Il governo, e in particolare il Ministro per le Disabilità, continua a parlare di progetti di vita, di tutele e di inclusione. Ma c’è una reticenza inquietante quando si tratta di affrontare il tema centrale: la revisione degli importi. Ogni volta che si solleva il problema della miseria degli assegni di invalidità, la risposta è sempre la stessa: mancano i fondi, bisogna tagliare altrove. Ma dove sono i fondi per sostenere i più vulnerabili? Dove sono le risorse per garantire che un invalido possa almeno vivere con dignità, senza dover scegliere tra comprare cibo o pagare le bollette?
In un Paese che si considera moderno e civile, è inaccettabile che le persone con disabilità vengano abbandonate a sé stesse, costrette a dipendere dalla carità o dal supporto familiare per sopravvivere. La disabilità non dovrebbe essere una condanna alla povertà. Eppure, per molti invalidi in Italia, lo è.
La vera inclusione e la vera dignità passano attraverso il riconoscimento dei diritti fondamentali, tra cui il diritto a un sostentamento adeguato. Fino a quando non verranno prese misure concrete per adeguare le pensioni di invalidità, tutte le parole sulla tutela dei disabili resteranno vuote promesse. Il sistema attuale non tutela, ma punisce chi è già in una situazione di fragilità estrema. Sui social network le pagine dei politici sono letteralmente intasate da messaggi di protesta che vengono sistematicamente ignorati.

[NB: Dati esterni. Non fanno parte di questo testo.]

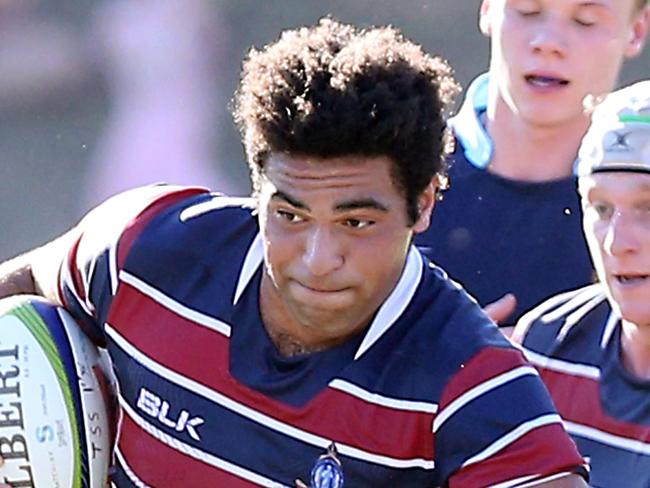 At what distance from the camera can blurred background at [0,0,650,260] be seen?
722cm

È giunto il momento di un cambiamento reale, di una presa di coscienza collettiva e istituzionale. Gli invalidi civili non chiedono la luna, chiedono semplicemente ciò che dovrebbe essere loro garantito: la possibilità di vivere una vita dignitosa nel qui ed ora, senza l’illusione di futuristiche ed utopiche prospettive. E finché questo diritto sarà negato, l’Italia non potrà mai definirsi veramente un Paese giusto.